Go through the listing and state how many lines hold the string "Back". Nothing else is needed.

-*-*-

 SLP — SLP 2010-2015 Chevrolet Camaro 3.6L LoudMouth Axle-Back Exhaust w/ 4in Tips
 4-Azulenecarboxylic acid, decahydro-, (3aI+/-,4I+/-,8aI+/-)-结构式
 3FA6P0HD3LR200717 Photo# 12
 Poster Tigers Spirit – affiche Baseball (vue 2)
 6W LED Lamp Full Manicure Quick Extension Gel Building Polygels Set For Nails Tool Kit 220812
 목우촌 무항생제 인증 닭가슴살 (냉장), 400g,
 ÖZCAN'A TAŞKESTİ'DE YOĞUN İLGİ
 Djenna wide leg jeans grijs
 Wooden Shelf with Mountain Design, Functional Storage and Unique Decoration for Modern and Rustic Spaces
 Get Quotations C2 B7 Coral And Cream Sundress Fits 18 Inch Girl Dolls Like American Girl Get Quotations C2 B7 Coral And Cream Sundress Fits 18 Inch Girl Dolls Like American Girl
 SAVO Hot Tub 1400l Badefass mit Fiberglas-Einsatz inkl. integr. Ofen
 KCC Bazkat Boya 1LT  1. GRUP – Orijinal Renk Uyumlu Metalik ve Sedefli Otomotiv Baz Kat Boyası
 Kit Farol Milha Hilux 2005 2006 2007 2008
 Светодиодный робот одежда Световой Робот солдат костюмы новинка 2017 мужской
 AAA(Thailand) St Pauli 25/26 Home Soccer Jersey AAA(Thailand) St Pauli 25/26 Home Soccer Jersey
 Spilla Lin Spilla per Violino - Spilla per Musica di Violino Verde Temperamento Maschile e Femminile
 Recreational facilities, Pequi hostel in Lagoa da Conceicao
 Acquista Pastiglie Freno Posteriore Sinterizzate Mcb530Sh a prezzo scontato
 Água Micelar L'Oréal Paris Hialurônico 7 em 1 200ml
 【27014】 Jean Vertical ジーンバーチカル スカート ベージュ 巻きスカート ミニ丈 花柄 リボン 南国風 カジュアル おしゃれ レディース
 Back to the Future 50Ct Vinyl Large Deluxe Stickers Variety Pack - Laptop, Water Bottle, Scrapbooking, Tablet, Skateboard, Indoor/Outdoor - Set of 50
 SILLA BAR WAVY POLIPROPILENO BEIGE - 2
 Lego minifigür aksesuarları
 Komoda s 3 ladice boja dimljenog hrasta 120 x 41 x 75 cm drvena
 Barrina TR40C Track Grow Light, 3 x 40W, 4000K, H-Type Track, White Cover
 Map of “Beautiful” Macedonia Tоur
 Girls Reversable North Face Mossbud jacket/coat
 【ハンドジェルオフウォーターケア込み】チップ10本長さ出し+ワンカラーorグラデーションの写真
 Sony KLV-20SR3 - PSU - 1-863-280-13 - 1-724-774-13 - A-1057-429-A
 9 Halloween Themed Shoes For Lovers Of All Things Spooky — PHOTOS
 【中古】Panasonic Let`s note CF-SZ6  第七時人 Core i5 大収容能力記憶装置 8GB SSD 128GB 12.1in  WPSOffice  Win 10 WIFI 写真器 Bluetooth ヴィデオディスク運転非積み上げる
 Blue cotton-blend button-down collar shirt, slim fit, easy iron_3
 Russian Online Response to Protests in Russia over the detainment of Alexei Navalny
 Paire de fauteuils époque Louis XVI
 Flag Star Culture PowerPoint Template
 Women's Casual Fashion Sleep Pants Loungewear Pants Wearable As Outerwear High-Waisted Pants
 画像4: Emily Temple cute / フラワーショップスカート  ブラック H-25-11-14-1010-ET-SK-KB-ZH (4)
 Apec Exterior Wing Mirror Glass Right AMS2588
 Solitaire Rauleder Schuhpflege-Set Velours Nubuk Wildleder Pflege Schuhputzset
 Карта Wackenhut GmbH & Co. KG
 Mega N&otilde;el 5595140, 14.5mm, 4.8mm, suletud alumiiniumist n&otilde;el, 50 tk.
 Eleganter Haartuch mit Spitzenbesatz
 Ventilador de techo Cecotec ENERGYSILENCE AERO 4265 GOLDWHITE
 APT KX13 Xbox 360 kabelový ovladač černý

-*-*-

*Your response*. 2